Dia ingin yang lain percaya bahwa dia mendapatkan posisi tinggi di pangkalan karena dia pantas mendapatkannya, dan Lin Qiao memperlakukannya dengan baik karena dia harus membayarnya kembali karena menyelamatkan hidupnya.
“Omong kosong * t!” Lin Wenwen mengutuk dengan marah. “Jika kamu dan Long Yubai tidak menjebak adikku bersama-sama, bagaimana mungkin dia bisa terjebak di kota zombie itu selama setengah bulan tanpa makanan atau air? Tanpa informasi palsumu, dia akan bisa membebaskan dirinya dari kota itu jauh sebelum kamu ada di sana! Itu semua Anda! Anda berpura-pura menyelamatkannya! Anda sendiri yang mengatakannya! Beraninya Anda berpikir bahwa Anda pantas mendapatkan semua yang telah kami berikan kepada Anda! Apakah Anda bahkan memiliki rasa malu? ”
Wajahnya memerah karena marah dan matanya melotot. Dia sedikit gemetar, tinjunya mengepal.
Yang Jianhua memandang Lin Wenwen yang marah dan tiba-tiba tertawa terbahak-bahak, “Haha…Ya, aku mengatakan itu. Aku merencanakan semuanya. Tapi, jadi apa? Pernahkah Anda berpikir bahwa jika bukan karena saya, Lin Qiao akan mati lebih dari empat tahun yang lalu? Saya mengizinkannya untuk hidup selama beberapa tahun lagi. Aku akan meyakinkannya untuk bergabung dengan tim Long Yubai, lalu membangun Pangkalan Naga Bumi bersama-sama, tapi dia menolak! Mengapa? Jika dia mendengarkanku, Pangkalan Naga Bumi akan menjadi dua kali lebih besar sekarang. Mungkin, dia akan menjadi Wakil Kepala sepertiku, dan aku akan menjalankan seluruh markas bersama dengan Long Yubai. Bukankah itu bagus?”
Saat berbicara, Yang Jianhua menjadi sedikit emosional juga. Dia mengulurkan tangannya ke depan sambil menatap Lin Wenwen dengan mata bersinar.
“Em, kamu memang punya ambisi. Di bawah keadaan kacau, Anda sudah berpikir untuk membangun basis dan menjadikan diri Anda sebagai pemimpin. ” Kesedihan di wajah Nyonya Lin hilang saat dia dengan dingin menatap Yang Jianhua dan berkata.
“Untungnya, kakakku cukup bijaksana untuk tidak membangun markas bersama denganmu. Kalau tidak, Anda dan Long Yubai akan menemukan cara untuk membunuh seluruh keluarga saya, termasuk saudara perempuan saya, dulu sekali! ” Kata Lin Hao.
Yang Jianhua berhenti sebentar, lalu raut wajahnya menjadi dingin.
Melihat ekspresinya, yang lain segera mengetahui bahwa Lin Hao benar. Yang Jianhua berencana untuk membunuh Lin Qiao sejak lama.

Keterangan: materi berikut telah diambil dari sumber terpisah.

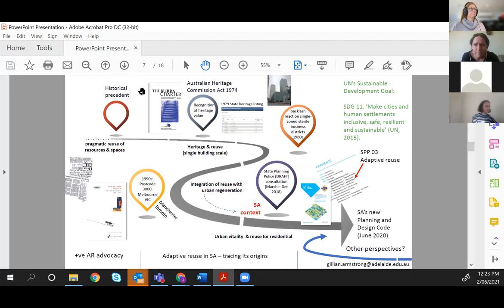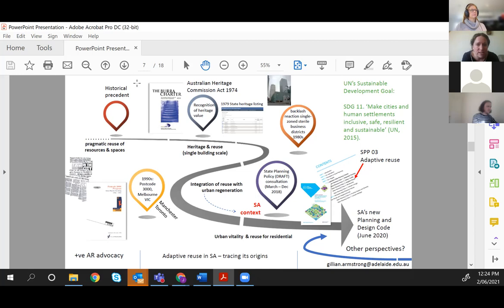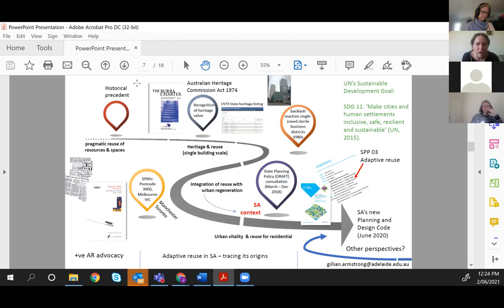This slide represents the policy journey around adaptive reuse in Australia. For South Australia, the state planning policy guidance SPP03 for adaptive reuse has been developed, but it really stems from the heritage building population and a reaction to the sterile brownfield developments of the 1980s and 90s, where vacant buildings were demolished and heritage was not really protected. Internationally, adaptive reuse is also associated with urban resilience, which is one of the UN's Sustainable Development Goals — SDG 11.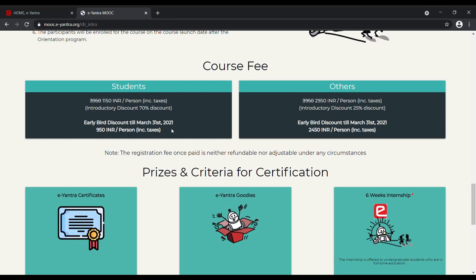For students, the course is available for ₹950, including the introductory discount of 70% and early bird discount.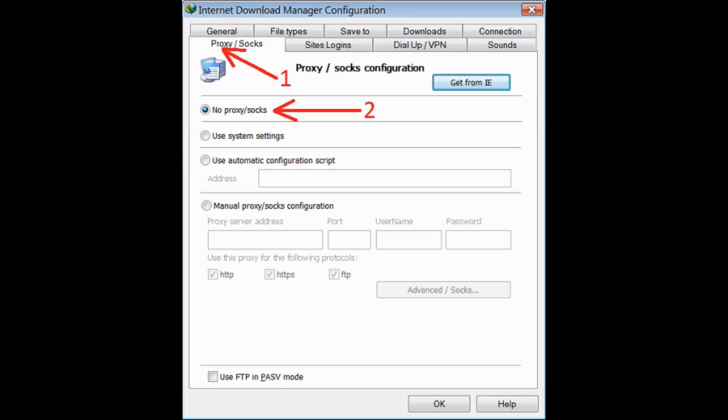The very first step is to go to Internet Download Manager configuration in your device and click on the General option. There you will see the option of Proxy and Socks. Simply click on it.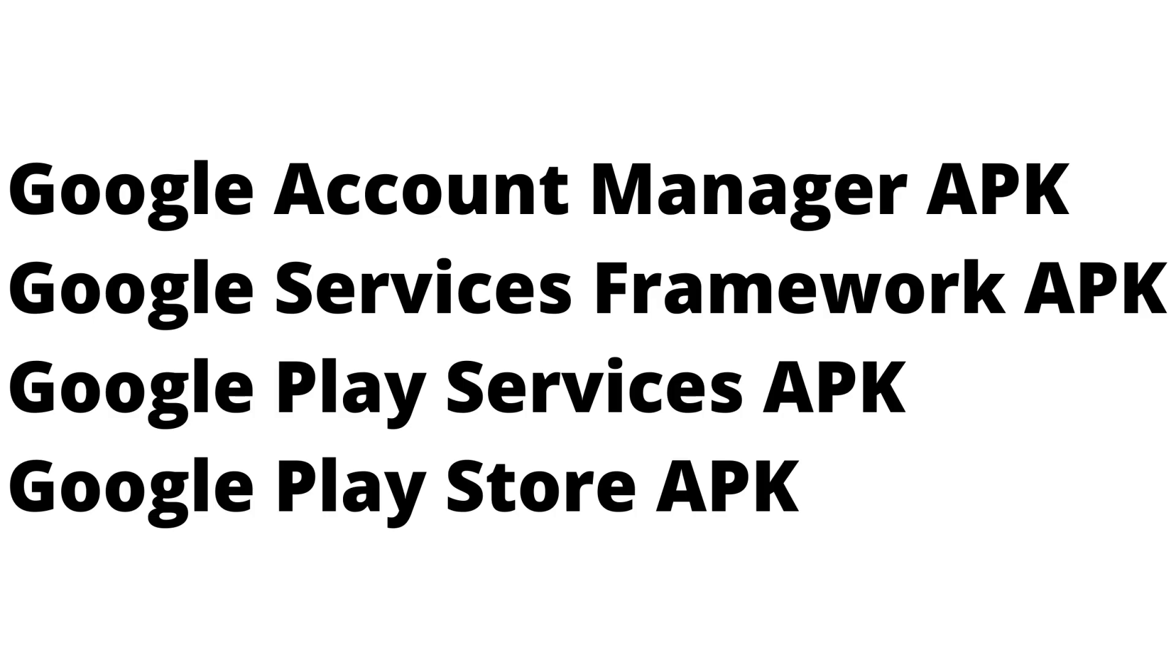Step 4. You'll need to install the Google Play APK files in the following order: Google Account Manager APK, Google Services Framework APK, Google Play Services APK, and finally, Google Play Store APK. I'll walk you through how to install the Google Account Manager APK, and you'll need to repeat that process for the remaining three Google Play APK files.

Dia mengubah rencananya dan mengikuti Lin Qiao hanya karena Lin Qiao menolak untuk membangun markas bersama dengan Long Yubai.
Yang Jianhua menatap Lin Hao dengan tatapan muram dan berkata, “Saya sudah curiga jika Anda bisa merasakan pikiran orang lain. Terlalu berbahaya bagiku untuk membiarkan orang sepertimu hidup. Jika Anda bisa mengetahui segalanya, bagaimana saya bisa menyimpan rahasia?”

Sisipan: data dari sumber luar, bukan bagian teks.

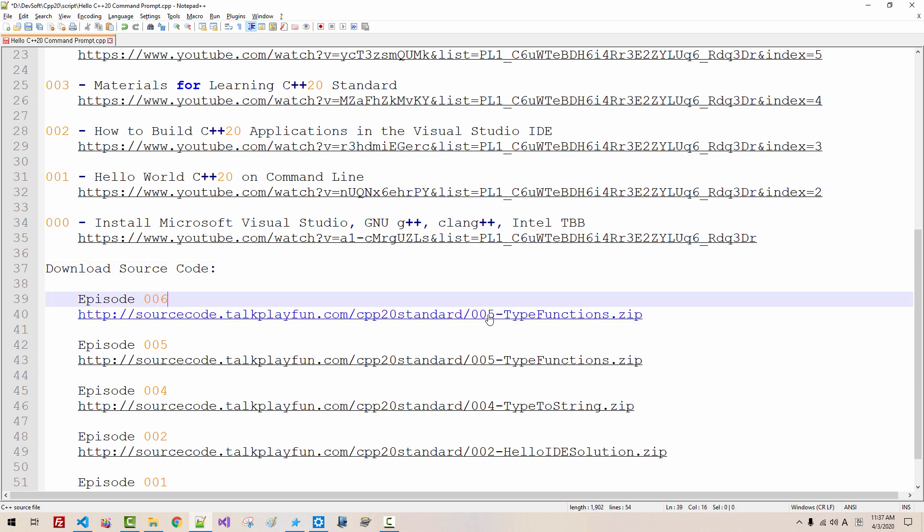I will upload complete source code to my website. By the time you watch this video, you can click this link and download complete source code. Please leave your questions, suggestions, comments, I will answer as soon as possible. Please subscribe to my YouTube channel. Thank you for watching.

Saat berbicara, dia menurunkan telapak tangannya dan menekan di udara.
Setelah itu, kabut putih es muncul di hadapannya di udara, kemudian serangkaian es yang tajam muncul, memantulkan sinar matahari yang menusuk mata.

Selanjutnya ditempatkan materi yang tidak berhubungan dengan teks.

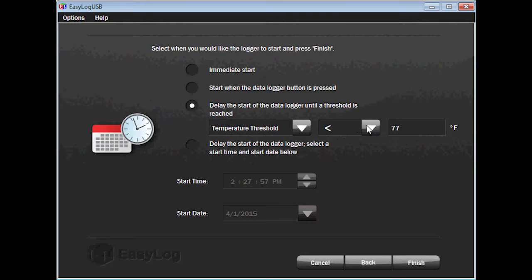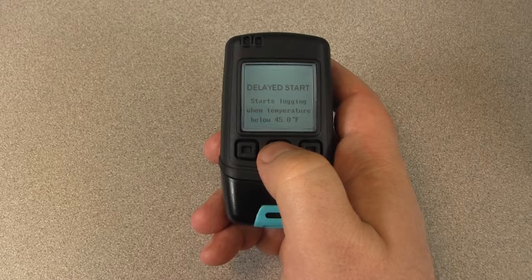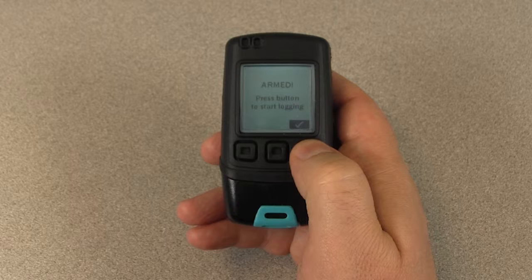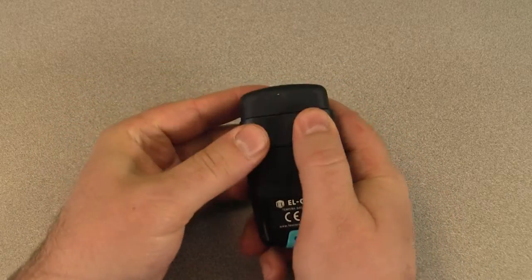I will set it up so that the logger will not begin recording until it reads the temperature under the configured high alarm setting. When done, click on Finish and remove the logger from the USB port. If you choose to start the data logger after a threshold has been met, you will see Delayed Start at the top of the screen along with the condition that must be met — in this example, when the temperature is below 45 degrees Fahrenheit. If you choose to delay the start, you will see Delayed Start along with the date and time when logging will begin. If you choose to start when the button is pressed, you will see the word Armed on the display, and you will need to push the button below the check mark to begin recording. Place the cap back over the USB connector and place the device in the desired location.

Setelah membuat sejumlah besar es, Yang Jianhua tidak mengatakan apa-apa, tetapi tiba-tiba mengayunkan tangannya dan menyilangkannya ke arah Lin Feng dan keluarganya. Pada saat berikutnya, es di depannya melesat ke Lin Feng dan keluarganya seperti serpihan sinar cahaya terang.
Pada saat itu, tidak ada seorang pun di pihak Lin Feng yang mampu menghentikan es itu. Es bergerak begitu cepat, datang ke Lin Feng dan yang lainnya dalam sekejap.
Sebelum mereka menyadari apa yang terjadi, es ini sudah ada di depan mata mereka.